My mother bought a food steamer a little while ago. As it sometimes goes with small appliances, we opened the box for the first use and discovered that the steamer was non-functional. Since my father and I use both of the family cars pretty much every day of the week, she really has no opportunity to return the steamer herself, and asked me to do it.
The woman who helped me the first time I went in was an Assistant Manager. I had the original receipt, and it was well within the 60 days allotted for return. However, since my mother had purchased the steamer on her credit card, I was informed that she and the original card had to be present for it to be credited back. I had anticipated that there might be trouble (Mom suggested that I just pretend to be her, but I vetoed that. For one thing, her signature is perfect and my cursive tends to looks as if it were done by a kindergartener having a seizure.), so I wasn't fazed. I asked if it would be possible for me to bring in her credit card with a note of authorization for me to use it; no go. However, she offered to put the balance on a J.C. Penney gift card for me instead. I hesitated, then finally decided that I'd better not do it without consulting my mother first. I thanked the salesperson for being so helpful, and apologized for taking up so much of her time.

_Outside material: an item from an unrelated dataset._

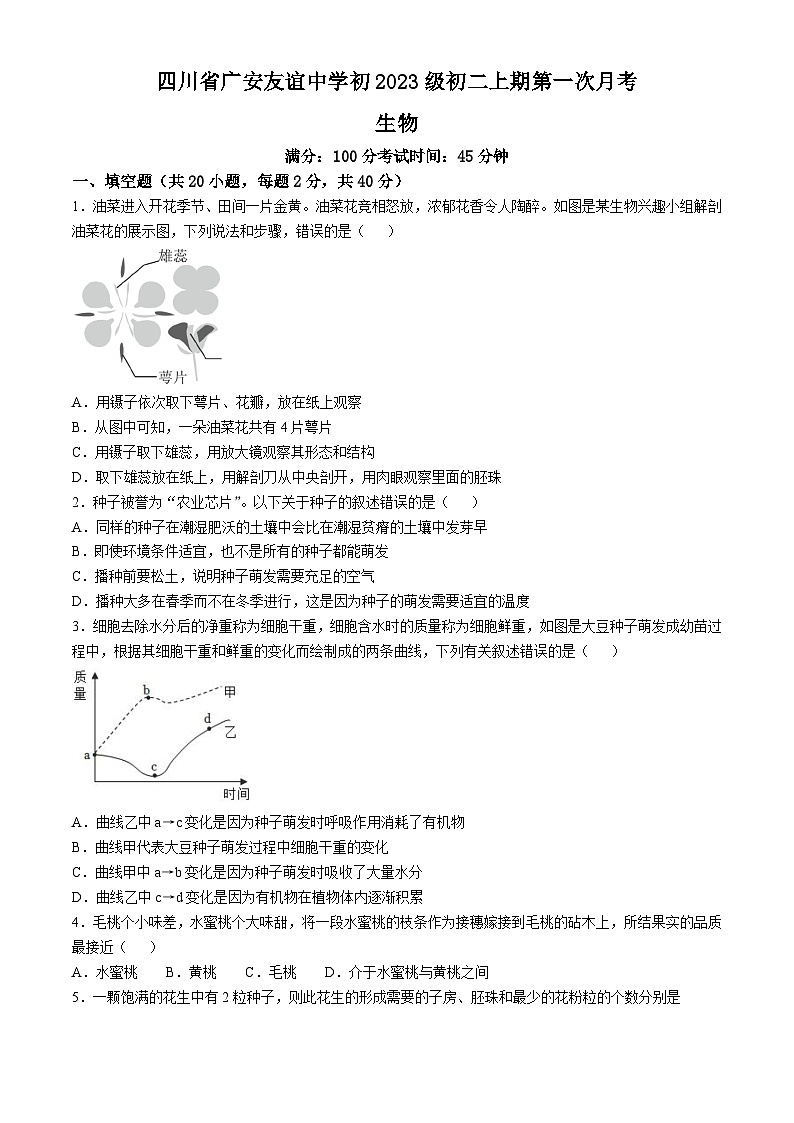 四川省广安市友谊中学2024-2025学年八年级上学期10月检测生物试卷(无答案)01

A week later I returned, steamer in hand, my mother having told me that the gift card was an okay option. I told the sales associate (a different one this time) that the purchase had been made on my mother's credit card, so I'd have to just take the balance on a gift card. She gave me a deer-in-the-headlights look and told me that that was impossible. Surprised, I replied, "Last time they told me that they could do that without the card being present." I was inwardly kicking myself, because I'd just been having a conversation with a coworker about how much we hate people who attempt to scam us by quoting a nebulous "they" who said it was okay to break the rules. The sales associate assured me that this was incorrect. I thanked her, apologized, and left, feeling very much like an idiot because of the bad impression I'd undoubtedly made. I'd just gotten off of work and was thus all sweaty and frizzy-haired, and I was in my favorite faded old sweatshirt that makes me look like a homeless person; I'm sure I looked exactly like the unsavory type of person who tries to run a lucrative steamer-scam ring.
Anyway, my question is this: was the first sales associate wrong? Was the second one wrong? Were they both correct, but the first was exercising her awesome managerial powers to override a rule and give me a gift card (thus making it excellent_service)?
I'm just sad that I made another trip in, and yet am still in possession of a non-functional steamer.